Aside from the fact that I find this to be a rather vague question, I'm not exactly sure how to answer. I suspect I don't know where "all this" leads.
"Nothing a person says, regarding the real respect gained for their character, matters. What a person does, what a person succeeds at matters."
I suspect this means that speaking is not an action? (It is a strange metaphysical stance to claim that words don't matter). Isn't speaking a thing that people do? Perhaps you are referring to speech without success, but is there such a thing as successful speech, and if so should this speech be considered an action? I would think that a person who does words is a person who does something. I would also think that a person who succeeds at words is a person that succeeds at something.
"When everything is dissolved to its last contents, I don't care about words, I care about deeds -- only backed by words..."
I must admit, this is quite difficult to understand. Are deeds backed by words or words backed by deeds? Do deeds inspire words or do words inspire deeds?
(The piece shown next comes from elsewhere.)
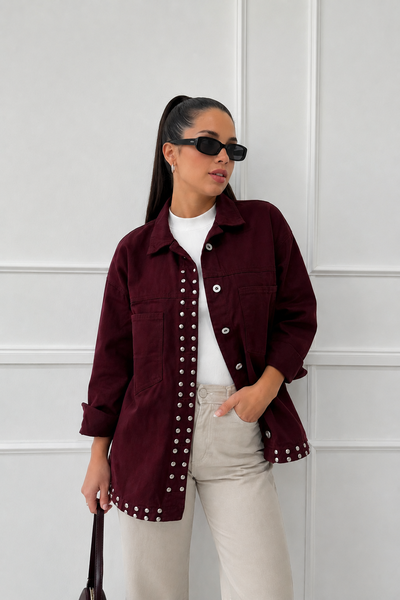 Camisaco Cazzu Tacha Bordo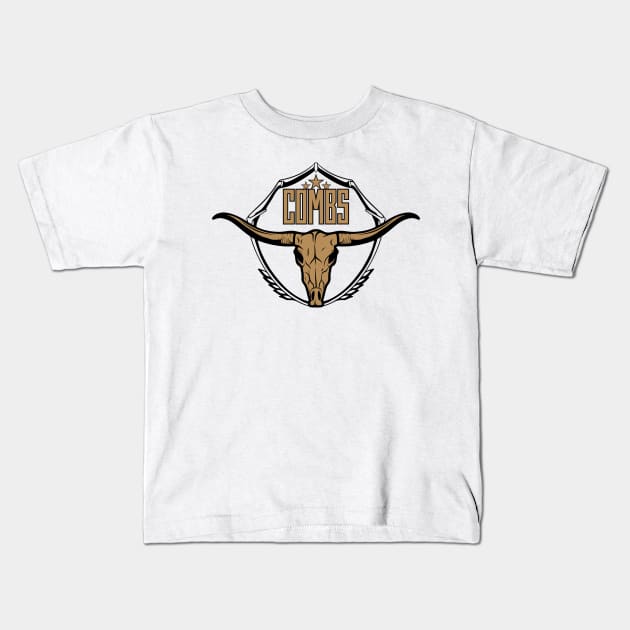 Luke combs retro logo Kids T-Shirt by Animals Project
Could it not be a kind of mutual exchange? (In either case it would seem your calculation here is flawed).
"Generally, words are so cheap, they cost nothing. Why should we think them so valuable?"
Truly I would love to probe your assertion that words are cheap, but I suspect this might lead to the conclusion that they are not so cheap as you think. Whether or not words cost something depends on what we mean by cost? Surely they must cost something?
If you reject the value of words then why do you not reject words altogether? (Here and now you would use words to solidify the valuelessness of words?) Is this because words have no value? (Or perhaps they only have value in a negative sense?) In sharp contrast to your assertions, words are one of the most valuable things I have ever encountered... in all truth my friend, I would be lost without them.
At times it is action enough simply for a man to use the right words. Using words powerfully is one of the most important things a person can do. To be a success with words is one of the greatest successes one can ever achieve.
"...when a person of ACTION uses words people tremble, prepare, they shed tears, they smile and are filled with energy, they respond according to the substance because it is a person of substance!"
While I don't deny a legitimate contrast between words and action, I believe that words are a form of action. Words can and do precede action, and in many cases great actions require great words.
This is my advice, when you land on a conclusion land in humility, always know that a refutation can come from the lowest beggar. {And here I must defend beggars as I am one myself.} Do not be so definitive in your declarations.
If there is indeed substance to what you say I most certainly want to know it; I would that God should strike me down before I negate the truth! In my experience the most valuable people I have ever come into contact with have been people of words, no doubt, they have also been people of great character (but perhaps never apart from words). I agree that there is a contrast, but I do not agree that it is so distinct as to negate the value of words.
"I see none of it, I hear none of it manifested in your personal life."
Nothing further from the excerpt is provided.